I spend two days a week overseeing prenatal ultrasounds and doing consults. The majority of those scans are Level II anatomy scan at 18 weeks. This is the major scan where we look at all the parts of the fetus, both for structural anomalies, as well as for clues to genetic abnormalities. It is Stressful, perhaps even STRESSFUL, because this scan is a comprehensive physical exam of a non-compliant body INSIDE of another body and therefore, by definition,gives you limited information. So we mine our information for clues about things that may or may not be going on. And we live in fear of Missing Something Important.
Today, mid-morning, I'm reviewing a scan, and as always, after reviewing the tech's pictures, I scan through the fetus myself. Quickly, I see something in the fetal stomach. What is that? Is it just a weird angle? Nope, I scan back and forth and it's really there. It's...debris. A mass? In the fetal stomach? I don't think I've ever seen this before.
My brain starts to move fast. What am I missing? Is this an unbeknownst-to-me clue to some terrible genetic problem? Is it some variant of duodenal atresia, which happens more in Down's syndrome? Is it some weird gastric tumor? I don't think that even happens prenatally, right? I mean, adrenal tumors, sure, but this? Is it some weird sign of slow gastric emptying, and therefore a sign of something systemic like cystic fibrosis?
I look around again the fetus again: fingers, toes, heart, brain: anything weird? No. It all looks...normal.
I email the head of ultrasound. While typing, I call my partner who's at the main academic hospital. "Oh, yeah," she says. "See it all the time. Don't worry about it."
"Um. What is it?"
"Dunno. But I have asked about it, and it's no big deal. Not clinically significant. I'll find you a reference later. Don't worry about it."

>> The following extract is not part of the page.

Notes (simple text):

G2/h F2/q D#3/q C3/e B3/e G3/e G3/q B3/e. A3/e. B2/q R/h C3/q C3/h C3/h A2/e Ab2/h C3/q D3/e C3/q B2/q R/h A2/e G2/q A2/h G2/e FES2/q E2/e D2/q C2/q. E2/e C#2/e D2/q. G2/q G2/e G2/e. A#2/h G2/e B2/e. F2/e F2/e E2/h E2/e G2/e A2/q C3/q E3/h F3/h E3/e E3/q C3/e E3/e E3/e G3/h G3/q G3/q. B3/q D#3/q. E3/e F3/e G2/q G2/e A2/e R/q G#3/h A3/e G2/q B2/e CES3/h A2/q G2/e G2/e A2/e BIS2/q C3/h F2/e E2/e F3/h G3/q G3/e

When I get off the phone with her,there's already an email back from my ultrasound chair. "See it all the time," he writes. "Don't worry about it."
But what IS it? I type back.
He doesn't respond right away.
Later in the day, when I have time to hunt around a bit, I find this on UpToDate*
Gastric pseudo-mass — In the second and third trimesters, debris is commonly visualized in the fetal stomach as a pseudo-mass consisting of discrete echogenic areas 4 to 12 mm in diameter (image 1) . The pseudo-mass is thought to represent swallowed cells (red blood cells, meconium, fetal skin cells) that have aggregated due to relatively poor gastric peristaltic activity early in the second trimester [1,2]. Gastric pseudo-masses resolve over time and are not associated with adverse neonatal outcome.
And now it has a long medical name, and I feel MUCH better.** I'm going to stop worrying about it.
*An online clinical resource. Reference at the link.
**Although, yeah: kinda gross. That's ok! Gross is normal.